For now, Washington does not appear to be planning massive military 
assistance in Colombia's war on a par with past involvement in El Salvador 
and Nicaragua. Colombian and U.S. officials rule out the use of U.S. 
troops, and Bush emphasized last week that the bulk of funding for Colombia 
will remain in counter-narcotics. Colombia has received $1.7 billion in 
U.S. counter-narcotics aid in the past three years.

However, the pipeline proposal coincides with the Bush administration's 
broader counter-terrorism initiatives in such countries as Afghanistan and 
the Philippines. Washington has labeled all three Colombian insurgent 
groups operating in the pipeline area and throughout the nation - the 
leftist Revolutionary Armed Forces of Colombia (FARC), the leftist National 
Liberation Army (ELN) and the rightist paramilitary United Self-Defense 
Forces of Colombia (AUC) - as terrorists. Because those three groups also 
are accused of involvement in Colombia's burgeoning drug trade, some 
critics fear U.S. counter-narcotics aid already may amount to insurgency aid.

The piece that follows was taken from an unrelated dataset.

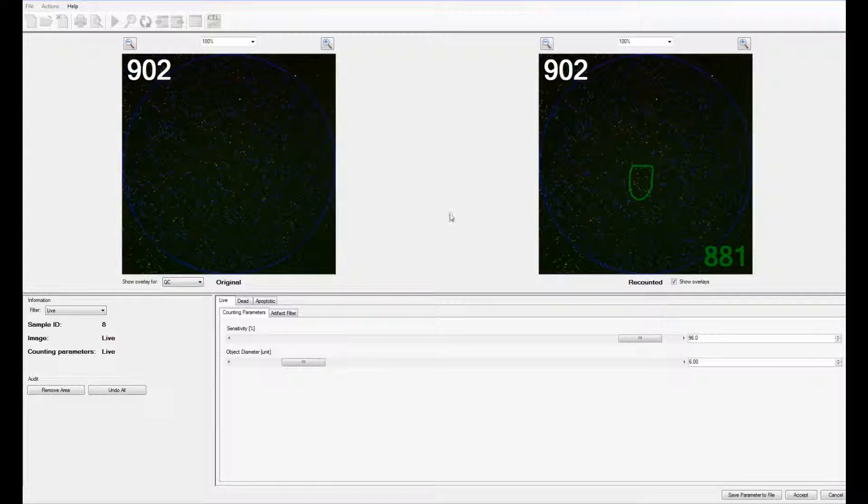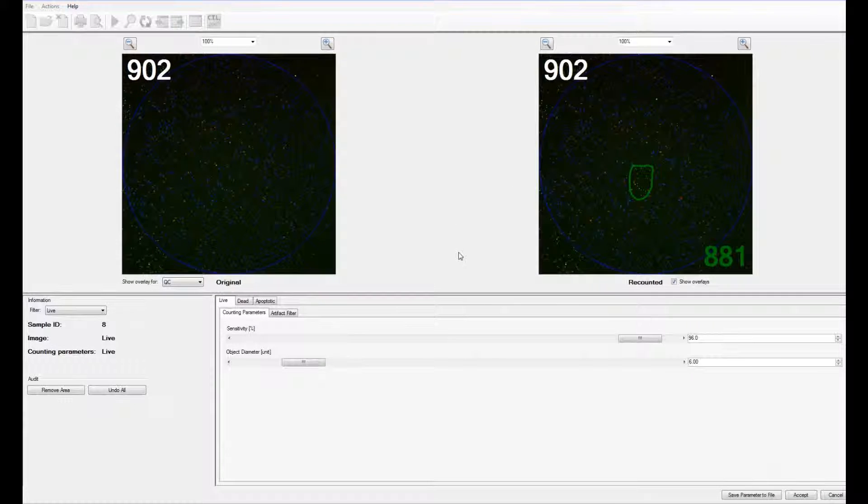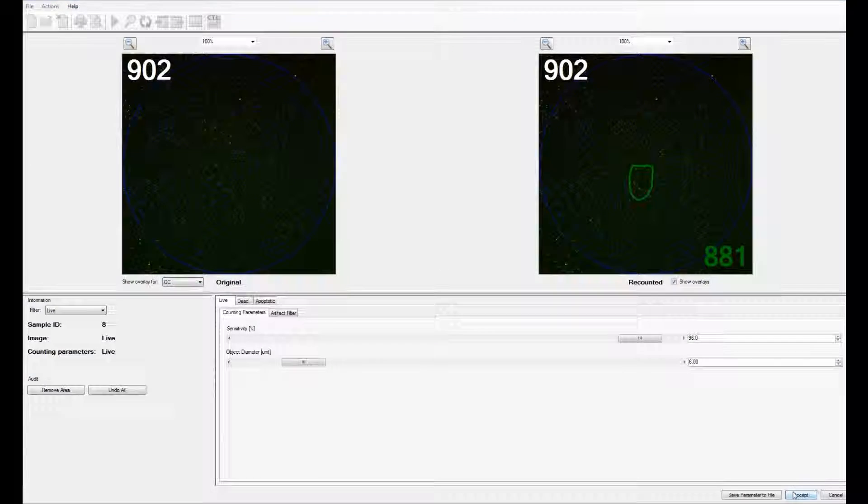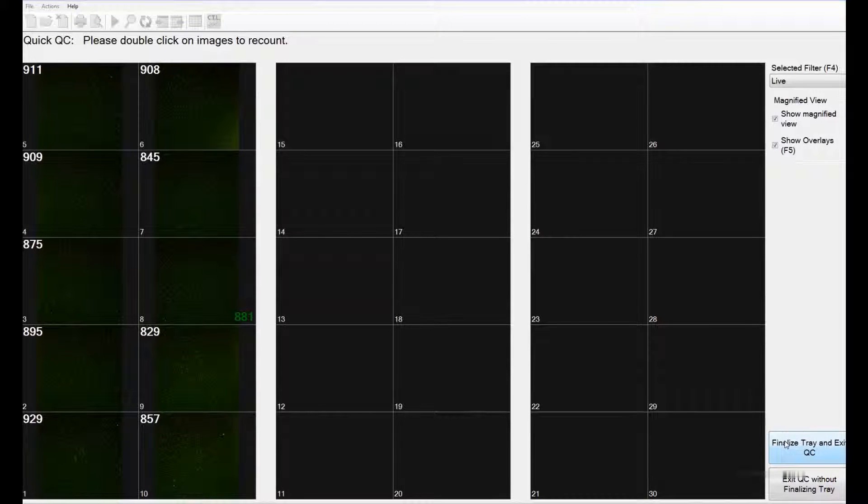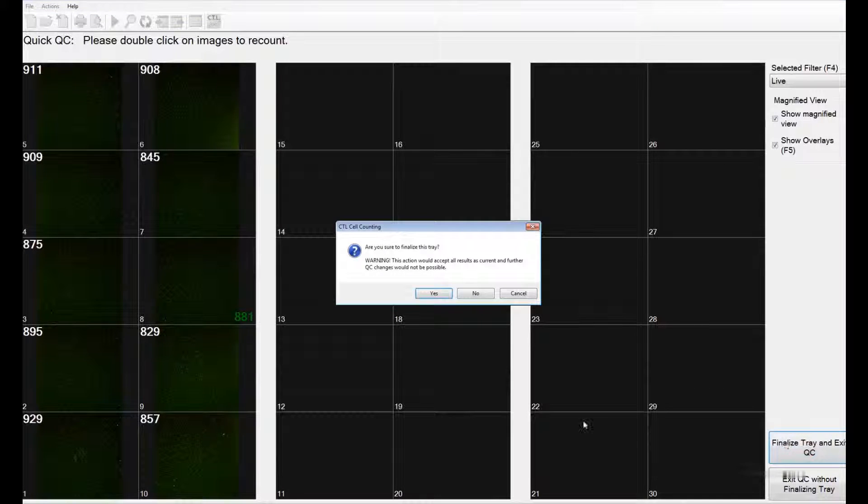It removes a similar area from the live, dead, and the apoptotic images. Once you are satisfied, you can click on the Accept icon. You can also finalize the entire set of images.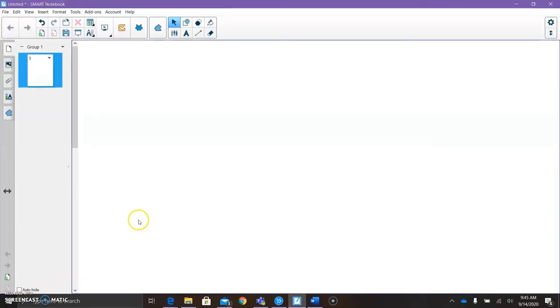Once you have Maestro and Smart Notebook downloaded, you're going to download the Smart Notebook software onto your iPad or device from the App Store.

Although details are still in the works, the $98 million would pay for U.S. 
military officials (or contract employees) to train at least 2,000 troops 
and a mobile infantry unit in surveillance and rapid- deployment 
techniques. Two-thirds of the funds would buy the troops equipment, 
including 10 Huey helicopters, according to Colombian and U.S. sources.

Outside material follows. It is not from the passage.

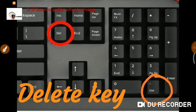So kids, today we learned about two keys, that is Backspace key and Delete key. Backspace key, when pressed, erases letters or symbols present on the left side of the cursor. And Delete key, when pressed, erases letters or symbols typed on the right side of the cursor. This was all for today. Take care of yourself. Goodbye.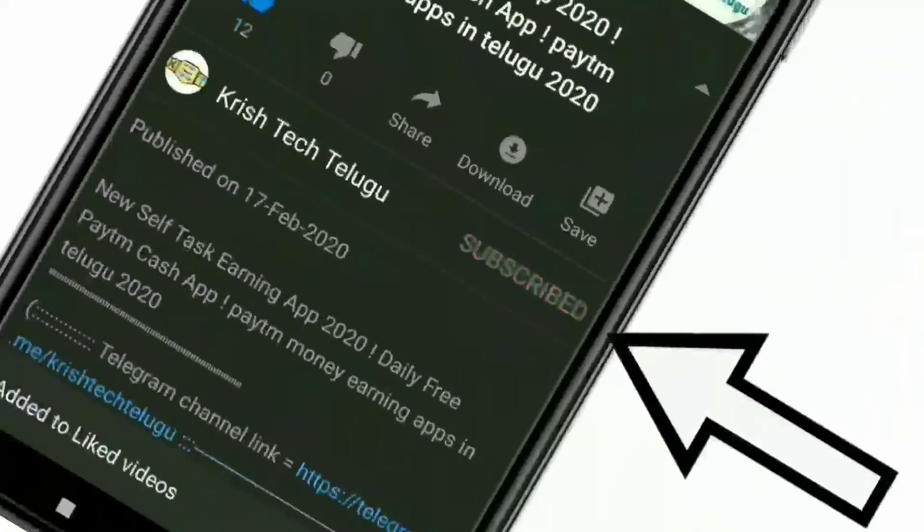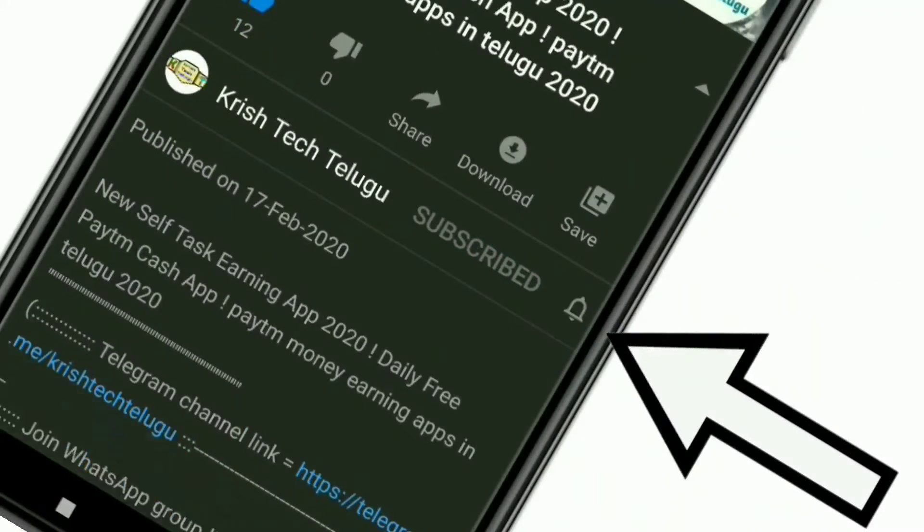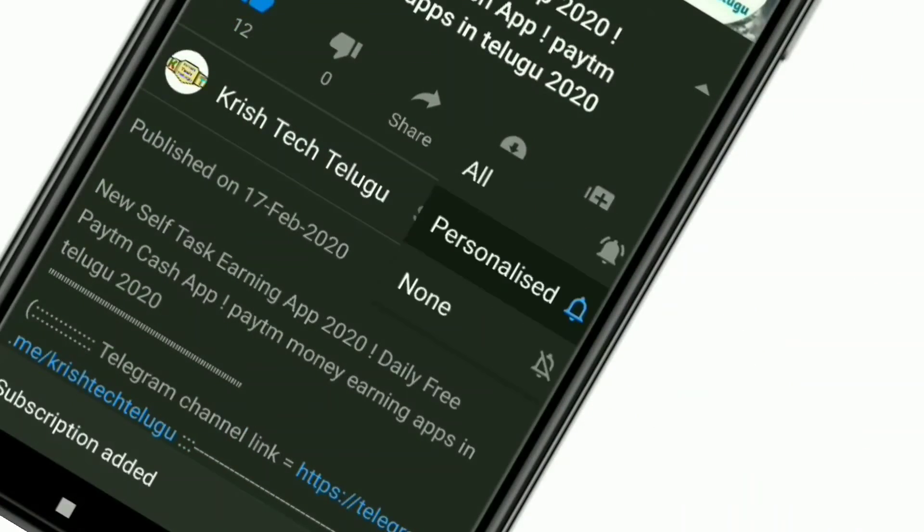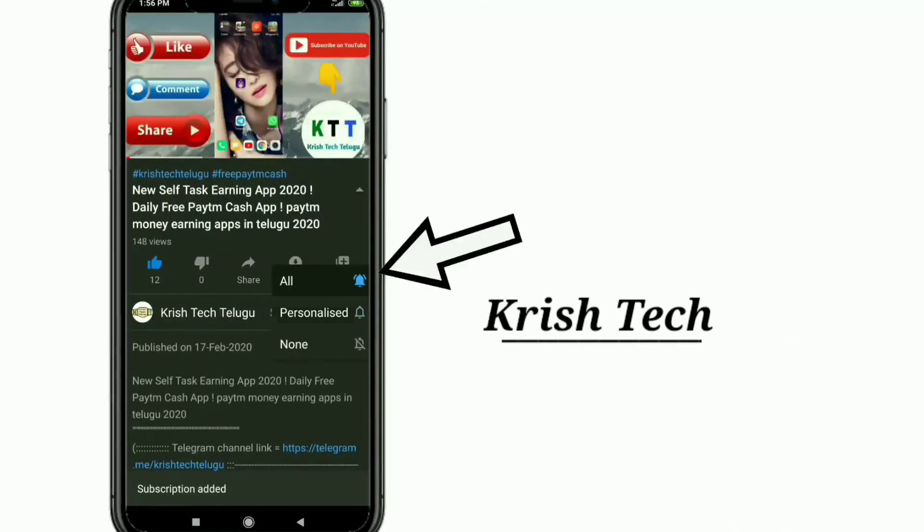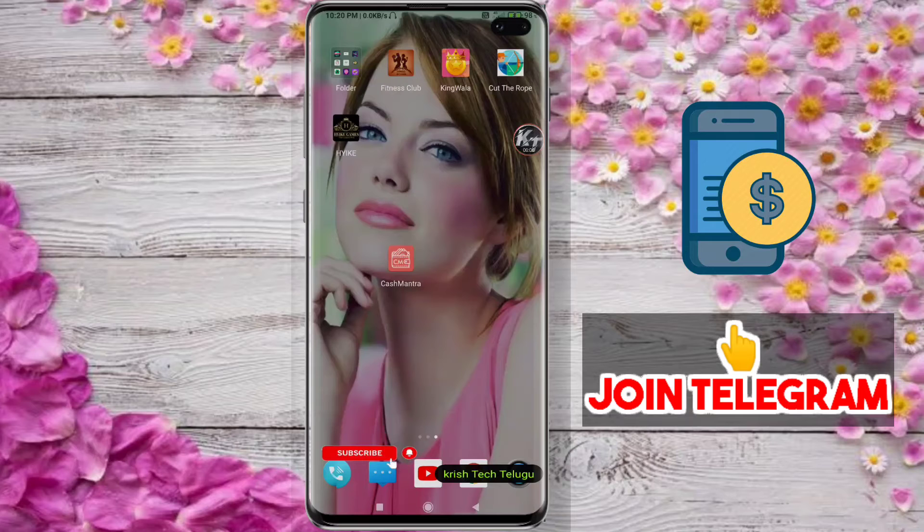If you like and subscribe, hit the bell icon and click the bell icon.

U.S. officials say the mission would be confined to the pipeline and oil 
field, at least initially. But Gen. Carlos Lemos, commander of the 18th 
Brigade, said he envisioned the small, mobile units playing a "proactive" 
role in protecting the Arauca region and its infrastructure, particularly 
electric pylons, water supplies, bridges and other favorite guerrilla targets.

"The idea would be to have sufficient troops to protect both the pipeline 
and the civilian population," Lemos said.

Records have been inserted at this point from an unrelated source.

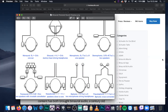We discussed monaural — one signal to one ear up close. We discussed monophonic — one speaker in an environment hitting both ears, one signal coming out. Now let's look at pseudophonic. This is a relatively new concept.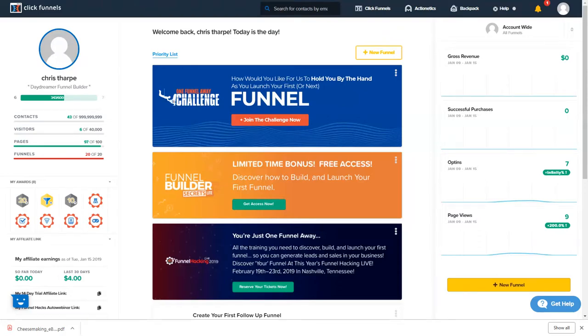All right guys, another video. This is a video on how to get your domain tied into your ClickFunnels. So basically we need to go get you a domain.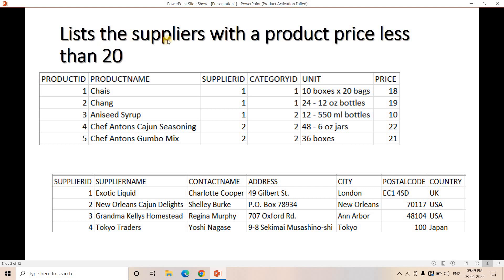Suppose the problem statement is: list those suppliers with a product price less than 20. Here we have a product table which contains product ID as primary key, and a supplier table where supplier ID is the primary key. In the product table, the supplier ID column is acting as a foreign key, connecting the relationship between the product table and supplier table based on the supplier ID column.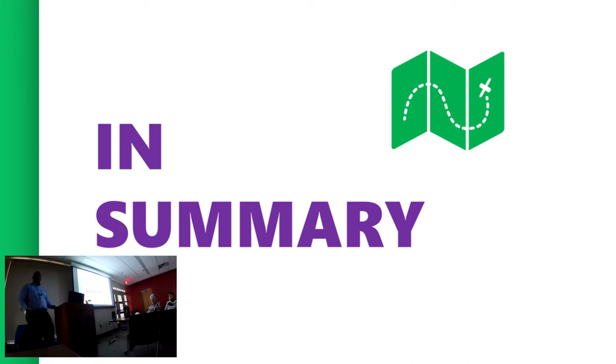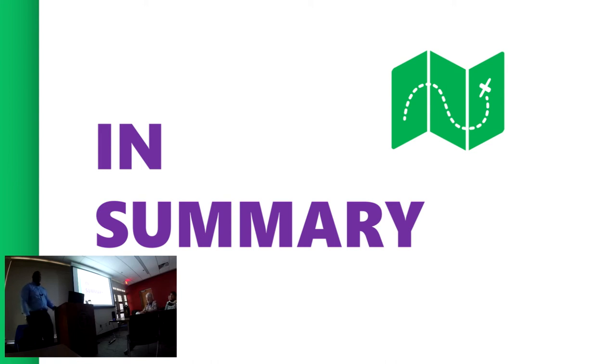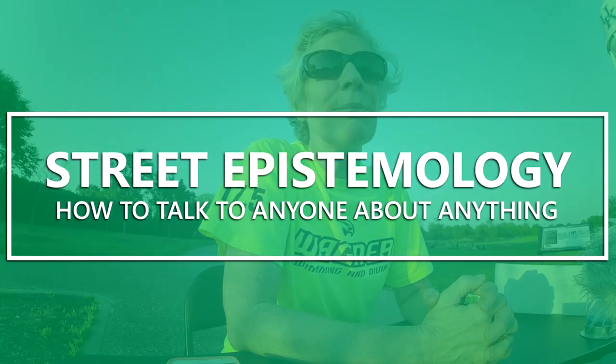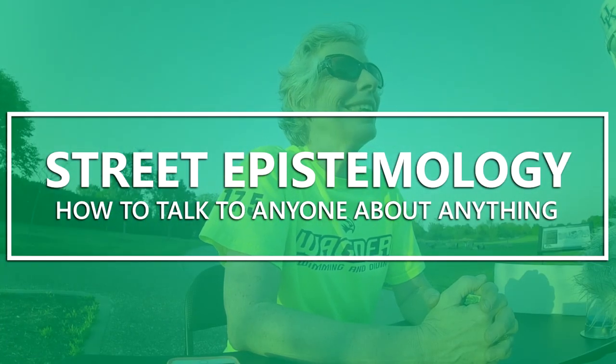So again, my name is Taron Wells. I believe, or I'm working on a way that I can talk to anyone about anything, and I think you guys can too. I think we all can. Thank you.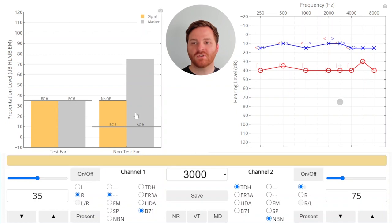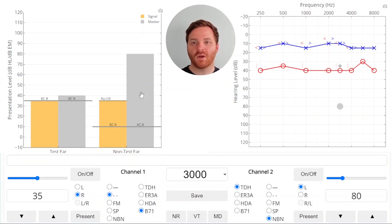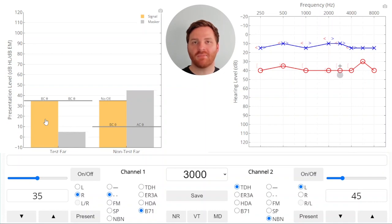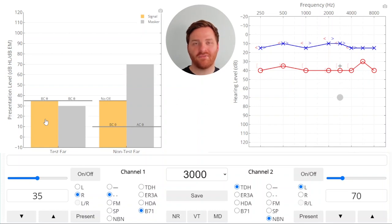At some point, you can raise the masker so much that you're overmasking — in other words, the masker is presented at such a high level that it crosses over to the test ear and covers up and raises the threshold of that test ear. If you present so much masking that you're overmasking, you've gone too far. The goal of the plateau method is to find the point where you're at the true threshold and effectively covering up the non-test ear, but not presenting so much masking that you're overmasking. This is effective masking. I know it can be confusing to think of masking in a new way, but I really hope that the masking tool helps you see this differently. If you want more videos with the masking tool, just shout out and let us know. Good luck and have fun using Theta.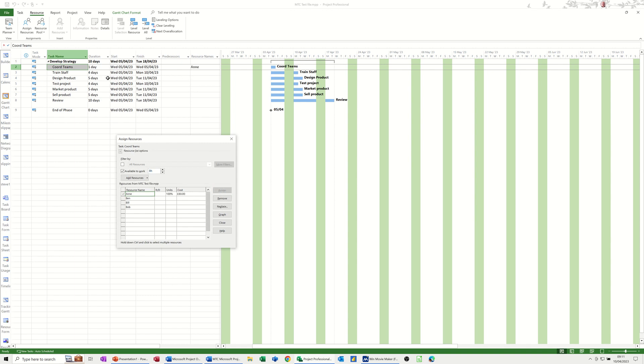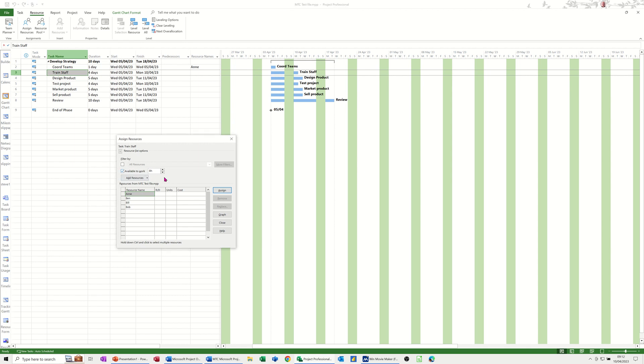Now this task here is a four-day task and they're all available for eight hours. But if I put this up to 32 hours, for example, see what happens. They're all available for 32 hours, and Ann is not available because these are all going on at the same time.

A recent visit to Arauca underscored the extent of the problems. The 
sweltering city and its 80,000 residents were without power because the 
FARC, which is responsible for most of the recent attacks on the pipeline 
and is the largest Colombian rebel group, had dynamited an electrical 
substation. Most businesses were shuttered and public transportation was 
halted because the ELN, which the military says had spearheaded attacks on 
the pipeline until FARC began muscling in on its turf, had ordered a strike.

ELN called the strike partly to support a group of farmers in a nearby town 
who were protesting massacres earlier this year, allegedly by the AUC.

"Everyone is terrified," said one resident who, like everyone interviewed 
here about the insurgents, was afraid to reveal his name. "We need help, 
and fast."

However the money is distributed, even military officials concede that 
protecting the pipeline, which transverses 480 miles of remote, lawless 
terrain, will be tough.

"The FARC can act a lot faster than Washington and Bogota," said Michael 
Shifter, an expert on Colombia with the Inter-American Dialogue think-tank 
in Washington, D.C.

Some of the U.S. aid should go to residents victimized by the pipeline 
attacks, which have caused massive oil spills that poison fish and pollute 
farmland, Arauca Mayor Jorge Cedeno said. The attacks also have cost 
residents oil-related jobs, he said.

"Unless we reduce the gap between rich and poor, we'll never get at the 
root of violence in this country," Cedeno said.